When I was in my twenties and thirties and starting out as a father, no one ever told me that parenting would be easy. Still, never in my wildest dreams, did I ever imagine the magnitude of the feelings I would encounter as a parent. I certainly was not ready for the exciting and gratifying rollercoaster highs that came from being a parent to our three children. Nor was I ready for the lightening fast decent into the heart-rending fear and lows I have known because of being a parent.
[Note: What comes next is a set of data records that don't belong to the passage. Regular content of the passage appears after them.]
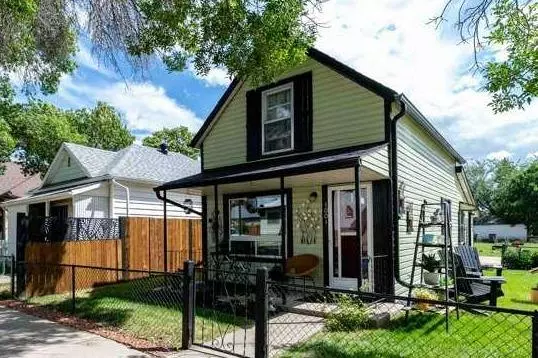 Medicine Hat, AB T1A 0Z1,1001 Yuill ST Southeast
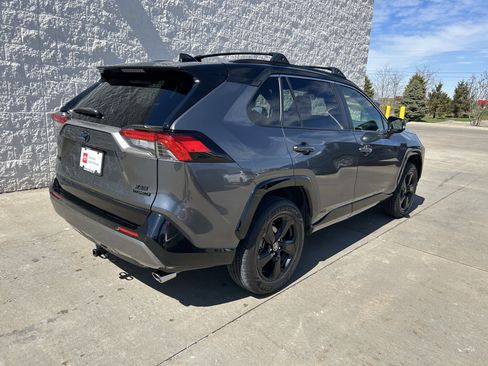 Used 2019 Toyota RAV4 XSE image 3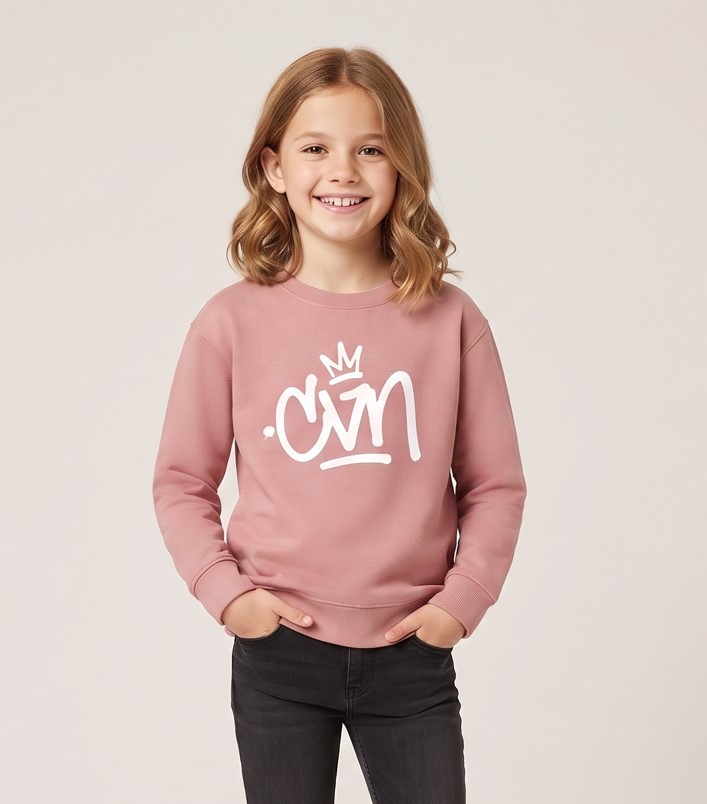 Enfant portant le sweat rose vintage CVN Pink – CVN Store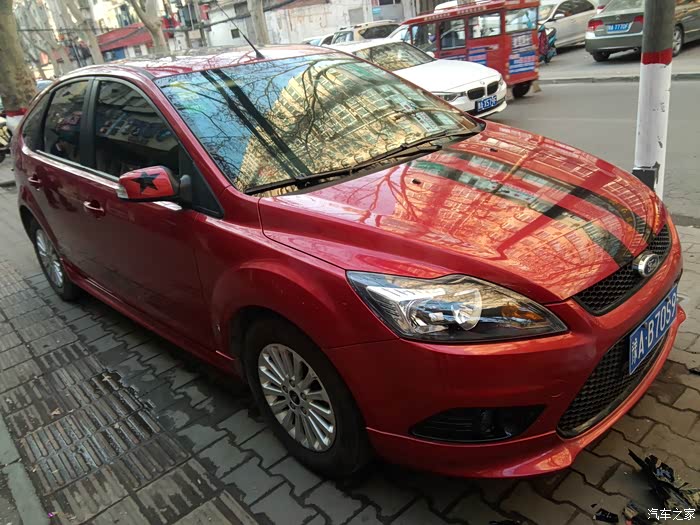 经典福克斯手动时尚提车3个月求版主认证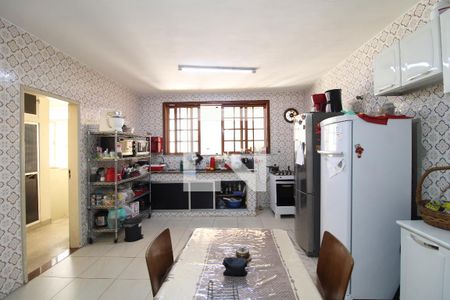 Casa de condomínio à venda com 359m², 3 quartos e 2 vagasCozinha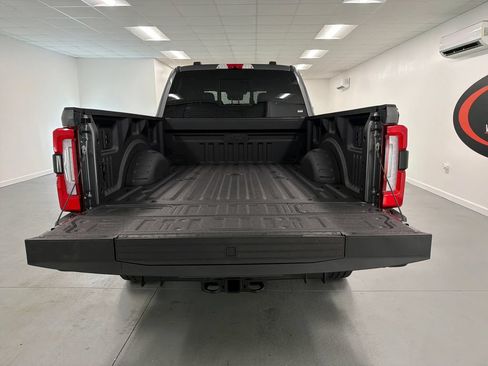 New 2026 Ford F250 Platinum AWD/4WD image 7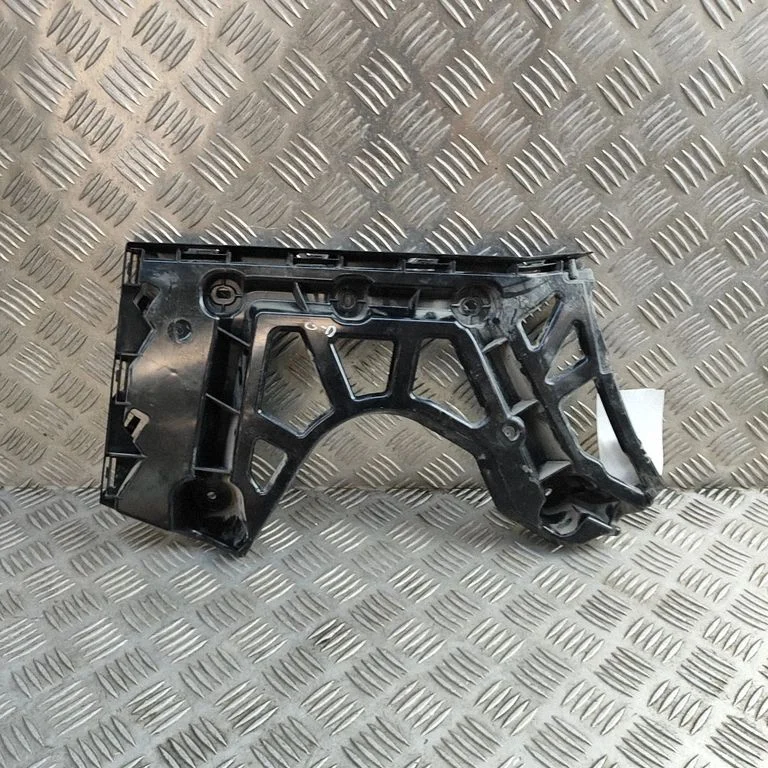 Rear bumper mounting bracket 5LG807394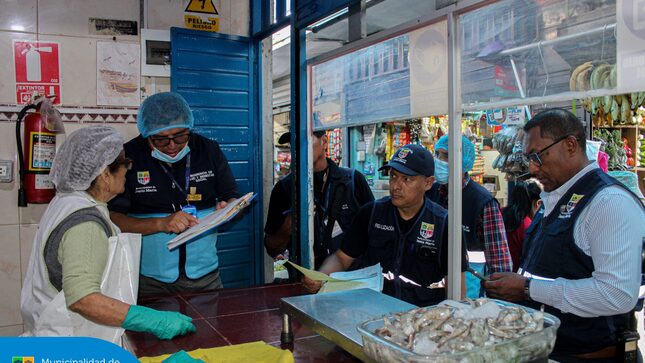 Realizamos un operativo inopinado en los puestos de venta de pescado y mariscos del Mercado Huiracocha así como restaurantes marinos, con el objetivo de verificar que se cumplan todos los protocolos de bioseguridad y condiciones de salubridad.
Ambientes limpios, productos frescos y atención responsable son clave para garantizar alimentos seguros para nuestros vecinos. 🧼🐟
Seguimos trabajando por una alimentación saludable y segura para todos.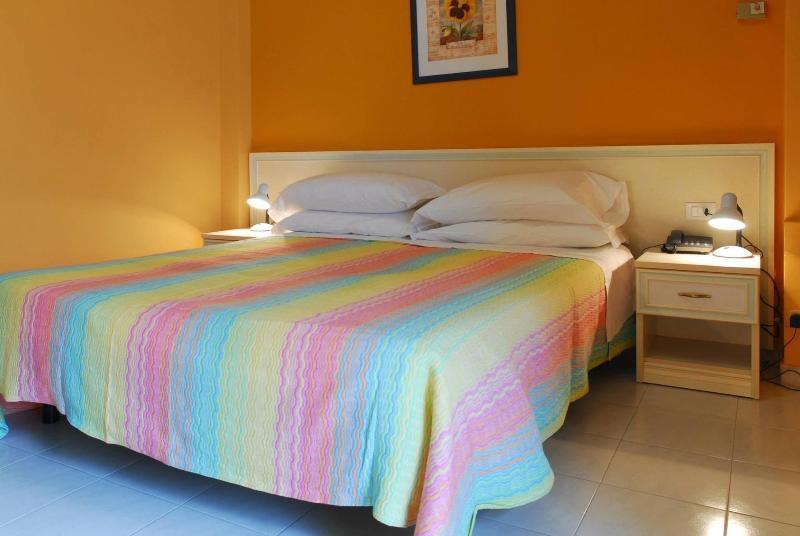 Hotel Michelangelo Терамо Екстериор снимка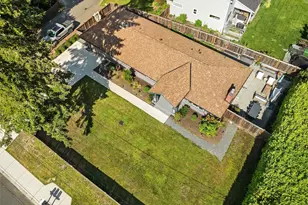 20323 81st Ave W, Edmonds, WA 98026 - Photo 37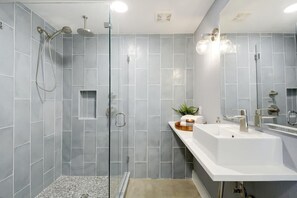 Dusche, Haartrockner, Handtücher, Shampoo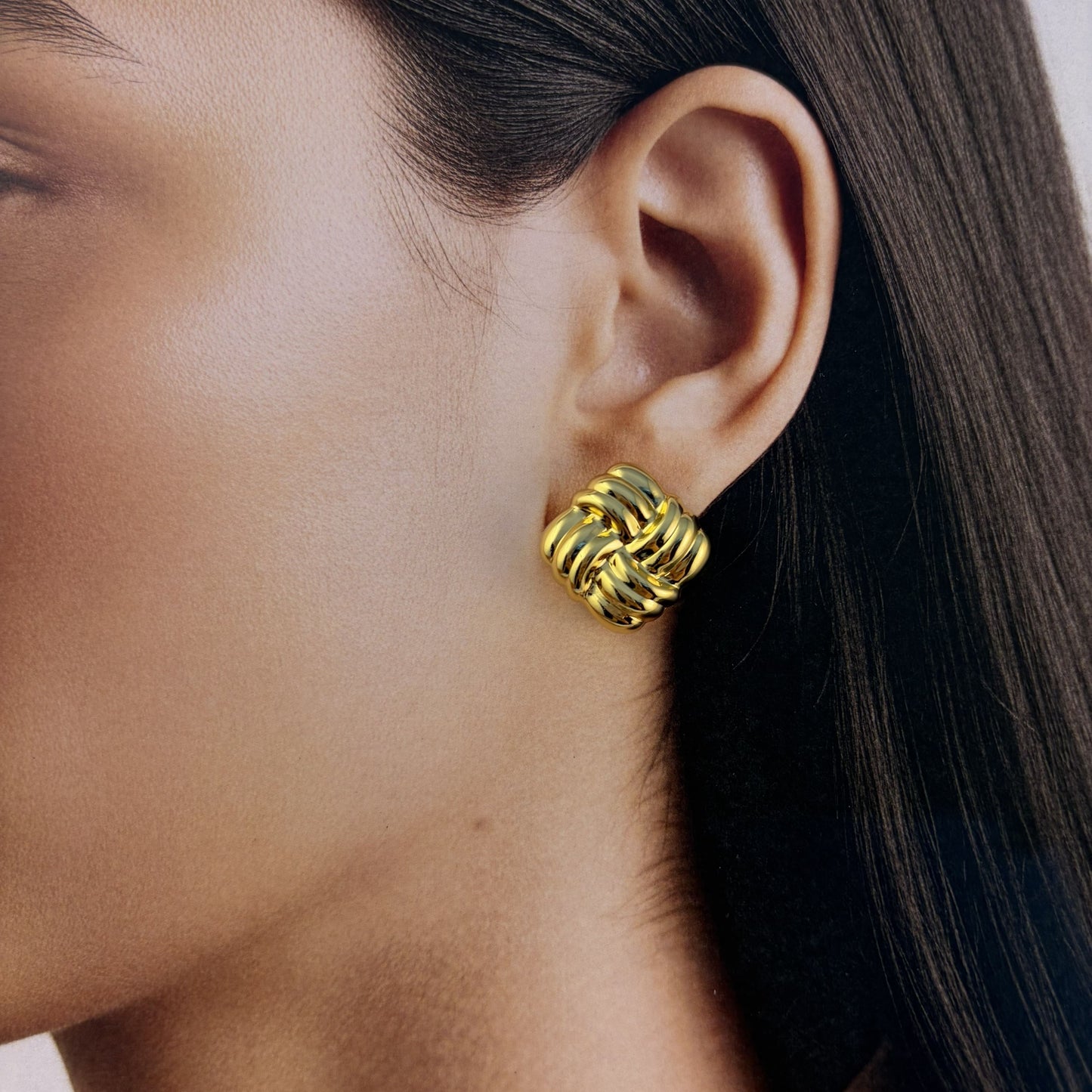 Aretes pegados cojín chapa de oro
Today is Mother’s Day and I am wise enough that I would never equate being a father with being a mother. Being pregnant, giving birth and all that goes along with it is very miraculous and holds its own unique gifts as well as costs. Yet, we recognize the fact that some men can be very good nurturers and some women can be less adept at nurturing. Clearly, being a parent or for that matter a dedicated parent figure in a child’s life is both gratifying and humbling in so many ways.

The song Because You Loved Me, sung by Kelsy Roe and Caryl Tipton is beautiful and tremendously evocative emotionally. It is easy to understand how it can be sung to mothers and to all those who are nurturing and loving in the way we would all love to experience. In reality, few people can be expected to live up to being that supportive and loving, not even every a mother.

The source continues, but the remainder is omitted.